Let's say we want to analyze $(2)$ without using l'Hopital's rule. Another way of proceeding is to use the mean value theorem. That is, we know from the mean value theorem that $$ f(x) - f(0) = f'(c) x,$$ where $c \in (0, x)$. As $x \to 0$, we see that $c \to 0$. So if $f$ is continuously differentiable, then $$ \frac{f(x) - f(0) - a_1 x}{x} \approx \frac{f'(c)x - a_1 x}{x} = f'(c) - a_1 \to f'(0) - a_1 = 0,$$ from which we again conclude that $f'(0) = a_1$. I wrote $\approx$ above, but it's not too hard to make this argument rigorous.
So we have totally finished the degree $1$ case. Let's go one higher, and consider $n = 2$. Now we want to find $P(x) = b_0 + b_1 x + b_2 x^2$. Looking at $$ \frac{f(x) - b_0 - b_1x + b_2 x^2}{x^2} \to 0,$$ we see that this necessarily means that $$ \frac{f(x) - b_0 - b_1 x - b_2 x^2}{x} \to 0$$ as well, so that we already know that $b_0 = f(0)$ and $b_1 = f'(0)$. We only are left to consider $b_2$.

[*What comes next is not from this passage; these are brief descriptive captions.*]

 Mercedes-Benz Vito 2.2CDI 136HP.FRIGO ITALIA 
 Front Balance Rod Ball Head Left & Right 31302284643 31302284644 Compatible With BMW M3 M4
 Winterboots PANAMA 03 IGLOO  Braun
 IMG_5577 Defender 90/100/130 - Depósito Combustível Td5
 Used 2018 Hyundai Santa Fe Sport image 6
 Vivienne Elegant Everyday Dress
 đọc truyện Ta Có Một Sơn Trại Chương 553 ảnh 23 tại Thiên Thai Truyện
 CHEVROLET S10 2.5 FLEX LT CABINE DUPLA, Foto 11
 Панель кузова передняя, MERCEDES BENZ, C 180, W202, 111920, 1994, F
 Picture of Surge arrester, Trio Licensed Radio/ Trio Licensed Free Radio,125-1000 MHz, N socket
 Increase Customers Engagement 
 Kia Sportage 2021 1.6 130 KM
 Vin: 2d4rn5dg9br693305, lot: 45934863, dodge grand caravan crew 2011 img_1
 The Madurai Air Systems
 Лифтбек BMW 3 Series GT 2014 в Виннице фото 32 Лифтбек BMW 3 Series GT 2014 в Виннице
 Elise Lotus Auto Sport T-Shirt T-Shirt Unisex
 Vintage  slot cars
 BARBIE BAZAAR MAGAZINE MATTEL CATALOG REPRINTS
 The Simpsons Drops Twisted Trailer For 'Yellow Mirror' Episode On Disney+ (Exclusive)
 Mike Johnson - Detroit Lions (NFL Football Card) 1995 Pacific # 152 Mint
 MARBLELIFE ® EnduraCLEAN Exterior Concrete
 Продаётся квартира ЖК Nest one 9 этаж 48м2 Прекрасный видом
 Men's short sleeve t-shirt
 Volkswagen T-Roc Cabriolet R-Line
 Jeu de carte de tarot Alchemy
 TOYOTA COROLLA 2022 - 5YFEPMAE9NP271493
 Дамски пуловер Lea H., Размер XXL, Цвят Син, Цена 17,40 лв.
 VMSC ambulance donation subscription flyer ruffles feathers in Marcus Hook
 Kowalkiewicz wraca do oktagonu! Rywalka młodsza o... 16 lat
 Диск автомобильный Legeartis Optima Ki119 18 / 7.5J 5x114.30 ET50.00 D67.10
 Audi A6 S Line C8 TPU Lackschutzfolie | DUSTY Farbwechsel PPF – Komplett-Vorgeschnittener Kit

Again, you can either apply l'Hopital's rule (twice) or the mean value theorem (twice). I find l'Hopital's rule easier to describe, as we immediately see that $$ \frac{f''(x) - 2b_2}{1} \to 0,$$ which means that $b_2 = \frac{1}{2} f''(0)$.
You can continue in this fashion. You will very quickly see a pattern develop, and you can prove that pattern inductively.
Aside --- As it happens, I've written more fully about how to carry out this process using only the Mean Value Theorem in a few different ways. For instance, you can use the Mean Value Theorem to prove Cauchy's Mean Value Theorem, which you can use to prove l'Hopital's rule, which we used here. Or you can use the Mean Value Theorem to prove a higher order Mean Value Theorem, which turns out to give you Taylor's Theorem with remainder. I gave an undergraduate talk and wrote these notes about it with these details and some more. [Disclaimer: link to my personal site].